Insanity – are We There Yet?
A look at America’s current situation compared to the policies of Herbert Hover and Franklin D. Roosevelt’s administrations during the great depression.
Many have used the quote, “insanity is doing the same thing, over and over, and expecting different results.” It has been attributed to Albert Einstein (1879-1955), but evidence is lacking. Regardless of who said it, the principle is true and a good gauge for evaluation. How does the current situation of America measure up? Are those in power repeating past policies, ideologies, arguments, etc., and expecting different results? First, let us take a look at the past and then compare it to today.

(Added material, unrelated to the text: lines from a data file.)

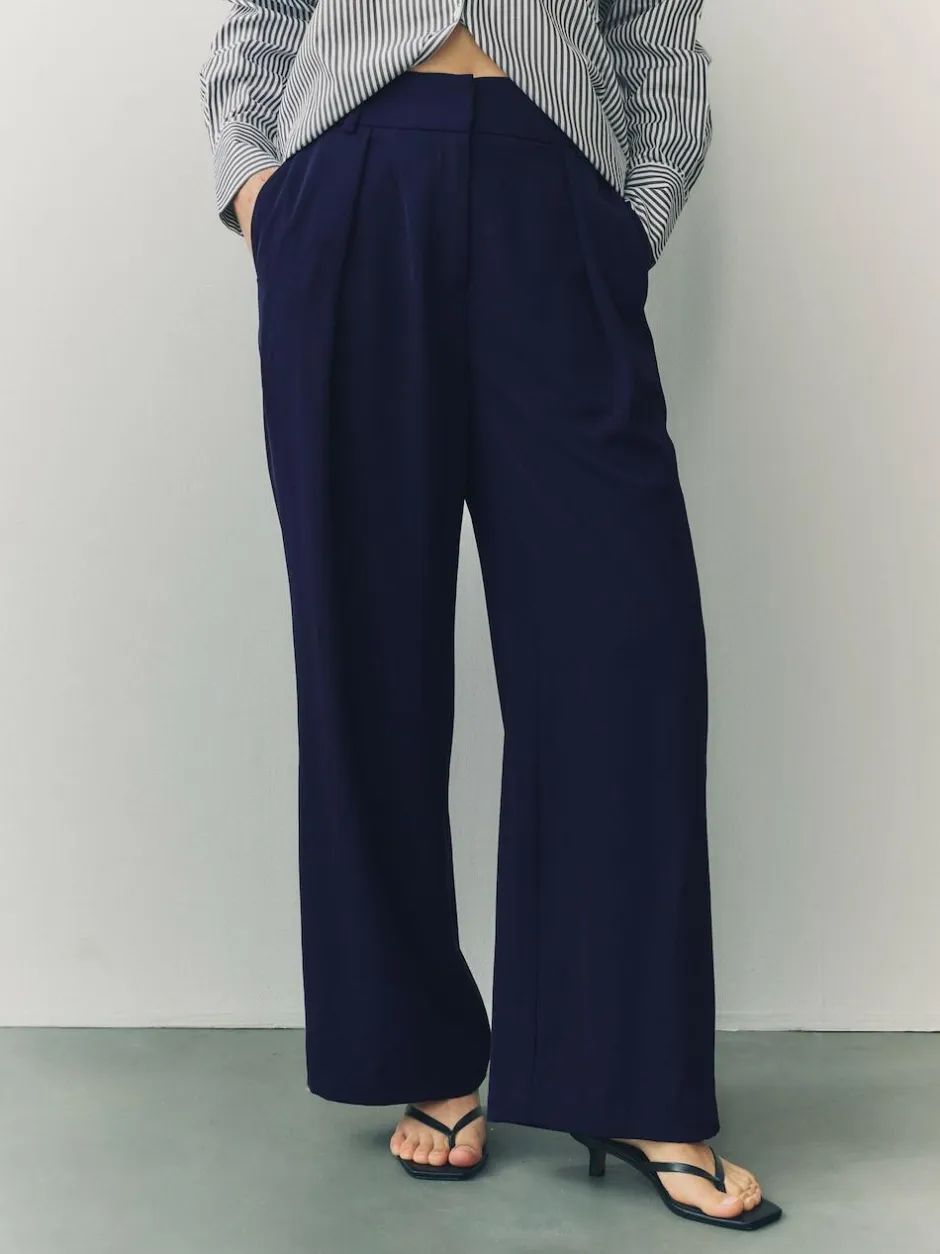 Next Elastic Back Wide Leg Trousers Navy Blue Sale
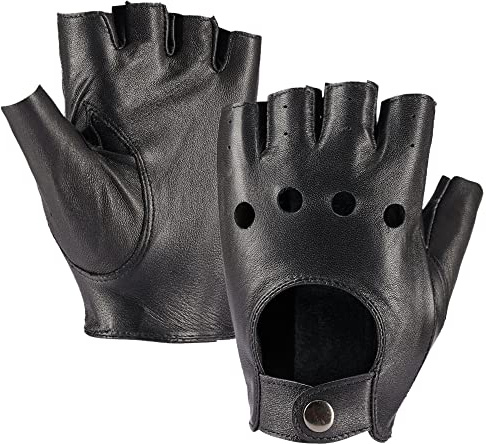 MGGMOKAY Mens Fingerless Leather Driving Gloves Half Finger Motorcycle Sheepskin Unlined Gloves Punk,Black,S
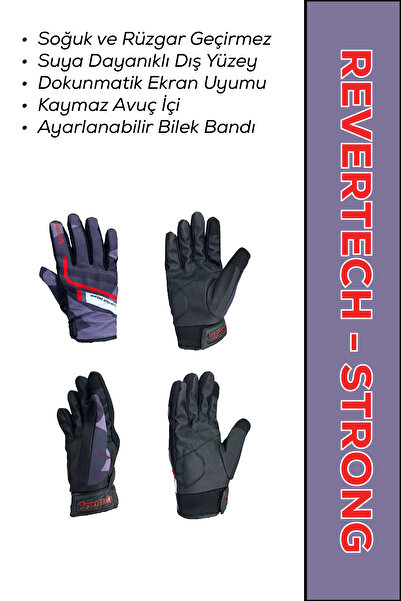MOTOKIT Revertech Strong Purple / Su ve Rüzgar Geçirmez Kışlık Motosiklet Eld...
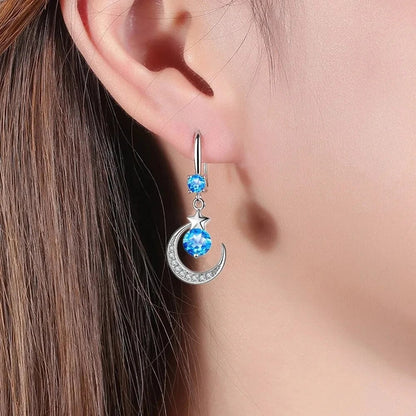Women’s Star Moon Dangle Earrings Pink, Blue & White Artificial Stones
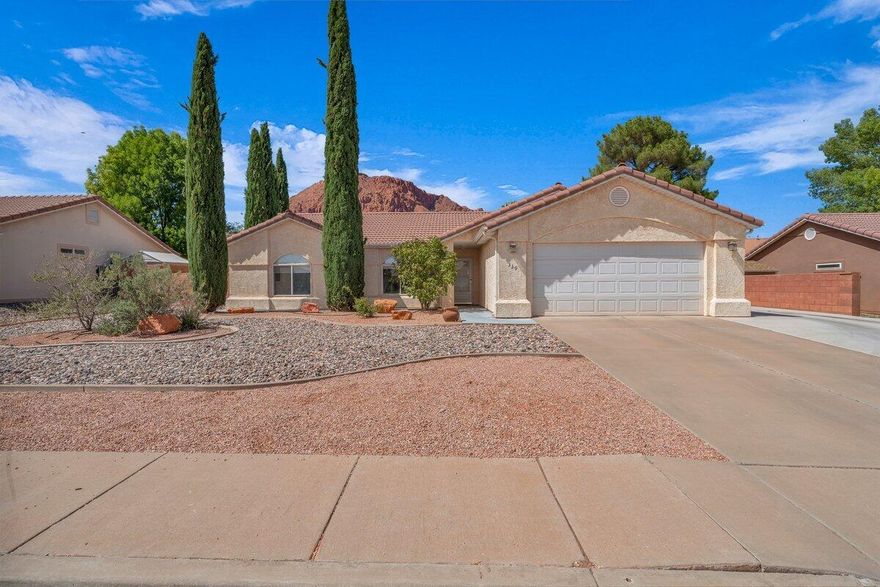 Ideally located near Rocky Vista University, Red Mountain, a neighborhood park, and Rocky Vista Public Charter School, this well-cared-for home in a quiet neighborhood offers the perfect mix of comfort, convenience, and desert charm. Enjoy a bright, open floor plan with vaulted ceilings, updated lighting, and ceiling fans throughout. The kitchen features granite countertops, ample cabinetry, and a walk-in pantryperfect for cooking and entertaining.

A dedicated mudroom off the garage adds extra storage and keeps things tidy, while the garage includes durable epoxy flooring. A brand-new washer and dryer are also included.

The primary suite offers a peaceful retreat with a walk-in shower and walk-in closet. A versatile front bedroom offers space as a home office.

Relax outdoors with low-maintenance desert landscaping, a private backyard, mature trees, a covered patio with gas BBQ hookup, raised garden beds, and a storage shed.

Additional features include RV parking, an updated water heater, and a tasteful blend of newer (2023) tile, carpet, and luxury vinyl plank flooring throughout.

Perfect for first-time buyers, snowbirds, or Rocky Vista University faculty seeking a move-in-ready home in an unbeatable location with no HOA!

Buyer to verify all information, deemed reliable, however buyer to verify all info including utilities, rental restrictions, and HOA information if applicable.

Hover, FDR and the Great Depression
One of the myths prevalent about Franklin D. Roosevelt and the great depression is FDR’s miraculous decent upon the catastrophic past policies leading to the depression and saving the day. However, history has show that this mythological personification of FDR and his administrations are not only inaccurate, but a revision of history. From the writing of Amity Shlaes, Jim Powell, and Jonah Goldberg, to name just a few, they have set the record straight.[1] Not only did FDR not save America from the great depression but contributed to its prolonged duration. To blame just the Democrats would be unfair and inaccurate. Herbert Hover, the Republican President prior to FDR, was just as negligent.
Failed policies
Jim Powell, in his book FDR’s Folly, sums up by identifying ten factors that contributed to the onset and continuation of the great depression.[2] Let’s look at several of these and compare them to what we are doing today.
First
Both Hover and FDR believed that government spending would get America out of the depression. What they ignored was the fact that government spending can only come at the expense of the people – taxation. Hover’s Smoot-Hawley tariff raised import duties on agriculture and manufactured goods by an average of 59 percent. In return importing nations raised their import duties, which raised prices on almost everything in the United States. FDR raised taxes on liquor, tobacco, gasoline, flour, corporations, estates, money for investing in your corporation, and the starting of the social security tax, just to name a few – and all in the name of the redistribution of wealth. The only problem was the “wealth” dried up. What employer, company, or corporation wanted to invest in the company (which also meant the people), when most of their profits were going to go to the government. Thus, unemployment continued to rise along with prices. Today we’ve seen government spending (by both Republicans and Democrats) at unprecedented levels again in the name of wealth redistribution. Obama, in true FDR fashion has not only declared that we (the government) can spend our way out of our economic woes, but that only the government can fix the problem.[3]As history has shown, taxation must and has followed.